KUTAISI, Georgia 9 November 2009 – The young people milling around the clean, bright halls of the special education centre in the city of Kutaisi in western Georgia greet visitors politely. They are part of a pilot programme for rehabilitating juveniles in conflict with the law.

The rehabilitation centre in Kutaisi, like its counterparts in Batumi and Rustavi, was opened as part of the drive to keep youngsters out of prison.

A 17-year-old named Bezhan looks confidently into the camera of a news crew and introduces himself. “I like it here,” he says. “I am learning English and I hope one day to go to study in England.”

Alternatives to probation

The three-year project to reform the juvenile justice system was launched in March 2008 as a partnership between the Ministry of Justice, the Ministry of Corrections and Legal Assistance, UNICEF and Penal Reform International, with support from the Government of the Netherlands.

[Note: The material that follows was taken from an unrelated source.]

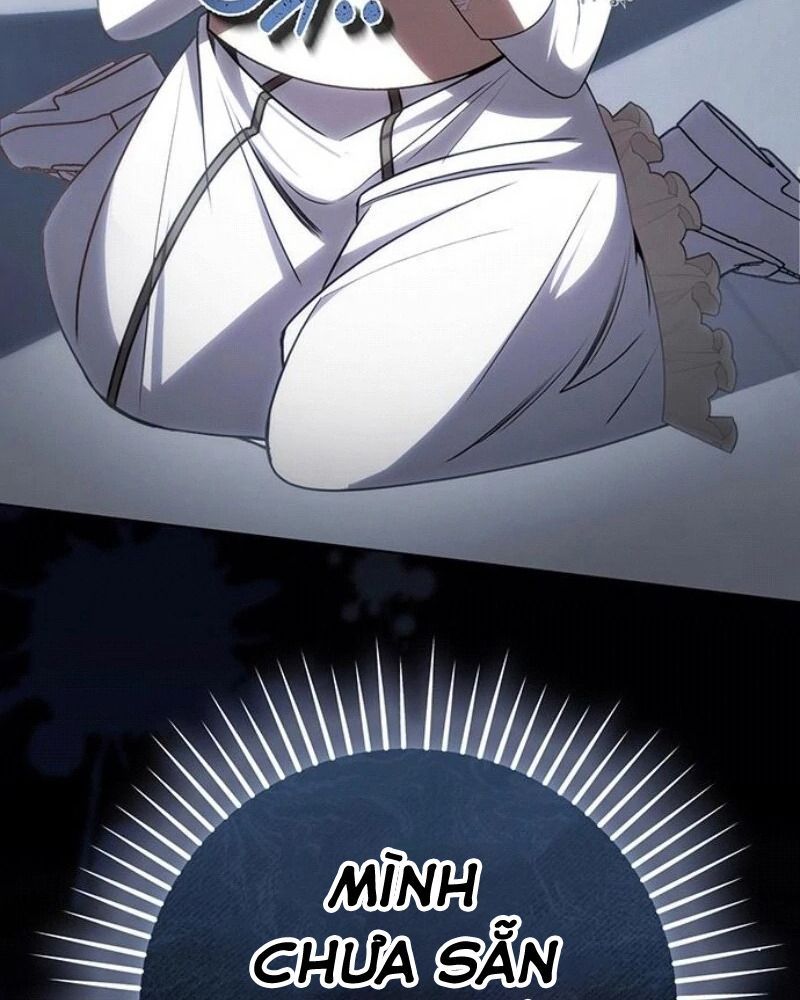 Nhóc Con Này Mơ Làm Trùm Phản Diện Chapter 43 - 141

It aims to help the Government of Georgia with policy and legal reform, as well as training for those working in the juvenile justice system and the expansion of rehabilitation programmes for children in conflict with the law.

An integral part of the reform effort is ensuring that, where appropriate, young people are not prosecuted for minor or less serious offences and, if prosecuted, are given a non-custodial sentence. Probation is currently the only alternative to a prison term in Georgia.

A door to social services

The Kutaisi centre's Director, Khatuna Javakhadze, says that for most of its young clients – 90 per cent of whom come from families who live below the poverty line – the centre represents their first opportunity to avail themselves of social and psychological support services.

“Our greatest hope for the young people who attend the centre is that they won’t re-offend,” Mr. Javakhadze notes. He points to the centre's recent recommendation that the probation bureau remove the conditional sentence of a young man who attended the facility for four months after assaulting an out-of-uniform policeman.

“He came here and we worked with him, focusing on sports activities, which he had been involved in since the age of five or six,” says Mr. Javakhadze. “Now he is fully engaged in those activities, and he is attending school.”

Reintegrating young people into society

Activities at the centre are led by the youths themselves. The young people plan their own rehabilitation, thus building the self-sufficiency they will need in life. English-language and computer lessons are popular choices; both are already in progress at the centre, as are driving lessons.

Most of the centre’s clients are more interested in learning vocational skills than in attending university. A key part of the centre’s work, therefore, is finding companies willing to train and work with the young probationers.

“When we meet with resistance in this respect, we explain that working with our young people is very important in helping them to integrate into society,” Mr. Javakhadze explains, noting that combating the stigma attached to juveniles in conflict with the law is another of the centre’s aims.

The centre’s support services are not confined to the young offenders. Staff make a special effort to include their clients’ parents in the rehabilitation programme, holding meetings with them two to three times a month. They also refer families in social and economic need to state agencies or non-governmental organizations that can help them.

“I just like it here. We go on great excursions. I have friends here and I like all the people who work here,” said Dato, 16.